“It seems that there’s no limit at all into the fishing expedition that [special counsel Robert] Mueller is now engaged in,” Sean Hannity claimed last Monday, after FBI investigators raided the home, office, and hotel room of Michael D. Cohen, President Donald Trump’s longtime personal lawyer. “And if he has access to everything that his personal attorney has, I can only imagine where that’s going to lead.”
Seven days later, it led to Hannity himself, as an attorney for Cohen revealed that the Fox News host was Cohen’s mystery legal client, whose identity the lawyer had tried to keep concealed.
That association raises many questions, not least of which is how Fox could have allowed Hannity to vigorously defend Cohen on the network’s airwaves without disclosing that he had been Cohen’s client.
That is a serious breach of journalistic ethics that, in any normal newsroom, would lead to a suspension or even firing. “Going to find out what kind of org Fox is today,” NBC News’ Chuck Todd tweeted this morning. “No serious news org would allow someone this conflicted to cover this story.”
It’s unclear what we could learn from Fox today that we didn’t already know several years ago.
The rules are different at Fox News — indeed, it often appears that there are no rules at all governing the behavior of the network’s top talent. This is, after all, a network that was happy for years to pay off employees who reported host Bill O’Reilly for sexual harassment in order to keep them quiet. Because Fox does not hold its stars to the most basic codes of ethical behavior, let alone the standard principles of journalistic conduct, criticshoping for accountability have little recourse but to appeal directly to the network’s advertisers.
The Hannity-Cohen story is a classic case study. Reporters and experts agree that Hannity’s actions are a drastic violation of journalistic norms that demand a severe response. But network executives aren’t answering questions about whether they were aware of Hannity’s conflict of interest or whether he will be subject to any disciplinary action. Fox’s hosts have filled that void: Hannity used last night’s program to say that he hadn’t done anything wrong. And his Fox colleagues have largely rallied behind him.
None of this is new. Hannity’s unwillingness to hew to journalistic ethics conventions has been causing the network problems for years.
At times, Fox has tried to rein him in: Hannity’s plan to broadcast from a tea party fundraiser was canceled, and after Hannity appeared in an ad for Trump’s presidential campaign, a network spokesperson said it would not happen again. But Fox executives never formally reprimanded Hannity for his actions, much less suspended him.
The last two years have only strengthened Hannity’s hand within the network. Trump’s election gave him direct access to the president of the United States. With O’Reilly gone, Hannity has the network’s most popular show and is the only remaining prime-time link to Fox’s founding. And the firings of Fox founder Roger Ailes, who hired Hannity, and Bill Shine, who was Hannity’s producer before climbing the network’s corporate ladder, removed two Fox executives to whom Hannity might have listened.

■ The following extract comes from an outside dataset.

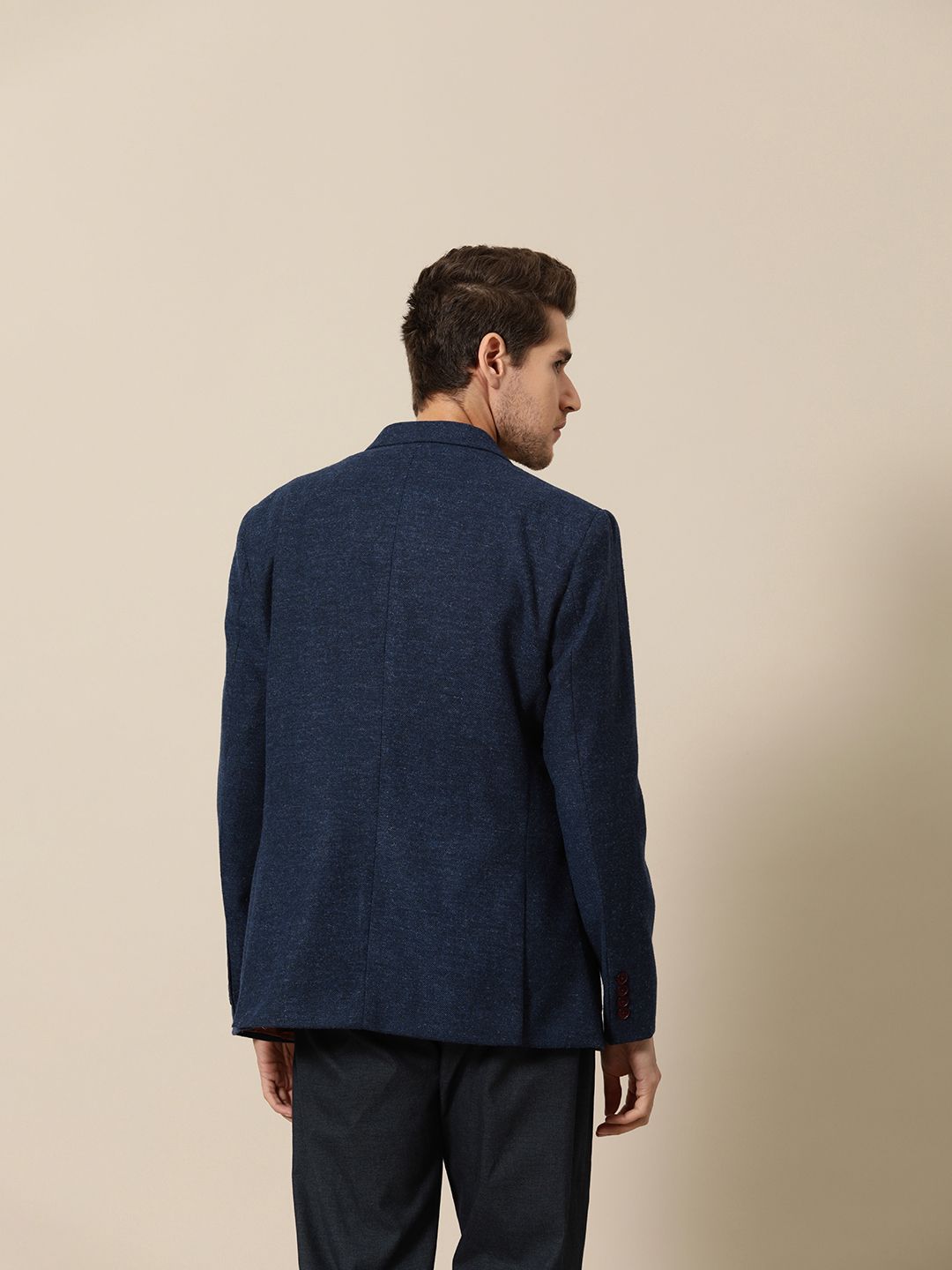 Mr Bowerbird Men Navy Blue Solid Single Breasted Casual Tweed Blazer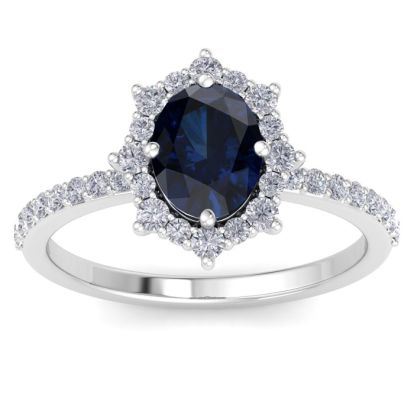 Sapphire Ring: 2 Carat Sapphire and Diamond Ring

Meanwhile, increasing competition from conservative cable network Newsmax and Sinclair Broadcast Group means that Hannity would have options if he and Fox were to cut ties.
As a largely unrestrained power at Fox who has flipped back and forth on the question of whether he is a journalist who must abide by basic ethics rules, Hannity has been getting into trouble. The network’s response has been damage control, alternatively covering for him or even encouraging his actions.

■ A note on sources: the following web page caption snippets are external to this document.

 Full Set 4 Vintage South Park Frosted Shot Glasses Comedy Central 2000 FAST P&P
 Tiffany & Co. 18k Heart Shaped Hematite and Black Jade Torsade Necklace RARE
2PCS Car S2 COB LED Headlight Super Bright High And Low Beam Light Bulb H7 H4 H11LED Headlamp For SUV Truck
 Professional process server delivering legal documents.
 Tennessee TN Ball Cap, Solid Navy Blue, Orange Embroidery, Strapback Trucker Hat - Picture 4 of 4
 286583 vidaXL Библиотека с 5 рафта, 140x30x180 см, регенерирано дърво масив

Last May, Hannity spent several programs championing the conspiracy theory that a Democratic National Committee staffer had been murdered for leaking emails to WikiLeaks’ Julian Assange. But as advertisers fled his program, Fox stood behind Hannity. The network subsequently announced an internal investigation into its reporting on the story, but that review has yet to be made public, suggesting that the probe was a public relations tactic.
In the fall, Hannity hosted O’Reilly for a series of interviews in which the former host attacked the women who reported him for sexual harassment. Fox responded by heavily promoting O’Reilly’s appearance on Hannity’s Fox program.
And the network appears blissfully unconcerned about the biggest ongoing Hannity ethical disaster of all: his simultaneous status as a personal adviser to Trump and the host of a nightly program on which he worships the president and condemns his perceived foes.
In fact, Fox has rewarded Hannity for his actions, apparently hiring several conservative commentatorsspecifically to regularly appear on Hannity’s program and those of a small circle of Hannity’s fellow travelers.
The network’s decision to prioritize Hannity over maintaining basic standards hasn’t sat well with the Fox employees who consider themselves serious journalists instead of Trump propagandists. Fox staffers have privately told reporters at other outlets that they are embarrassed and disgusted by Hannity’s antics. Fox’s Shep Smith has even publicly feuded with Hannity; he also has repeatedly run segments that appear to directly rebut arguments made on Hannity’s program.
“They don’t really have rules on the opinion side,” Smith told Time magazine last month. “They can say whatever they want.” Fox’s handling of Hannity’s Cohen conflict of interest demonstrates that they can apparently do whatever they want as well.
UPDATE: A Fox News statement on Hannity claims that the network was unaware of Hannity's conflict of interest, and now that they know, they don't particularly care.